Reviews

Blue/Orange (Tour – Manchester)

Editorial Staff

Editorial Staff

| |

23 November 2012

Theatre Royal Brighton Productions have set out to celebrate British Drama and so have brought Joe Penhall‘s play from 2000 back to the stage.

Blue/Orange is set in a mental hospital where Christopher has been detained on a Section 2 after being arrested. Twenty eight days later he is due for release but his psychiatrist Bruce is not sure he is ready to go back to his ‘normal life’.

Diagnosed as Borderline Personality Disorder, Bruce feels that there is more to Christopher’s illness, suspecting that he is, in fact, schizophrenic. Unfortuna5tely for Bruce his suspicions are not backed up by his supervisor and mentor Dr Robert Smith who is more keen to clear a bed and return Christopher to the community than to query the BPD diagnosis. But as the play progresses you find that his motives are even less pure than originally thought.

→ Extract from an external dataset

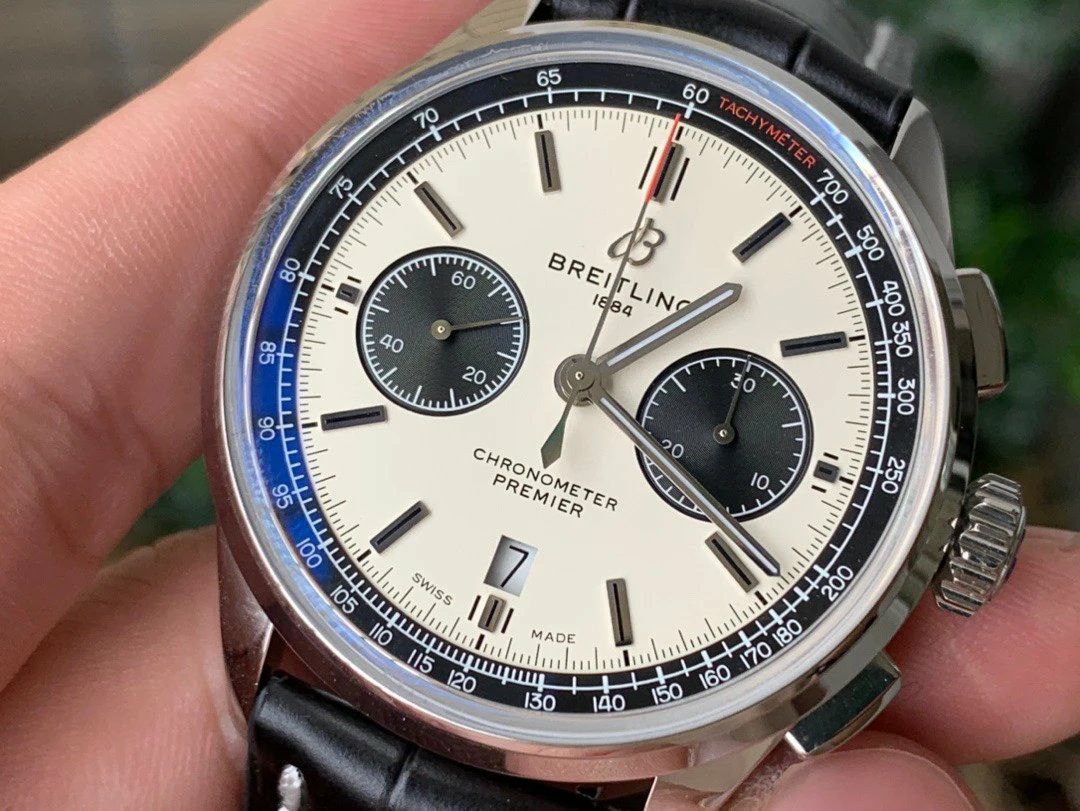 PREMIER B01 CHRONO SS 42MM GF 1:1 BEST EDITION WHITE/BLACK DIAL ON BLACK LEATHER STRAP PREMIER B01 CHRONO SS 42MM GF 1:1 BEST EDITION WHITE/BLACK DIAL ON BLACK LEATHER STRAP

The cast are all excellent. Oliver Wilson as Christopher swings between the calm side of himself and the paranoid delusions which are such a common part of schizophrenia. Gerard McCarthy as young psychiatrist Bruce shows all the idealism of one not yet worn down by the system but also stunning when he realises just how badly he has been screwed over by his superiors. Robert Bathurst as his senior consultant is smooth and supercilious and totally believable.

Director Christopher Luscome keeps the plot tightly controlled but allows the emotion to dominate which in such a closed environment is ideal

If Blue/Orange is an intelligent and well written play, but if it has a fault it might be that it leaves some of the audience wondering just what it was all about!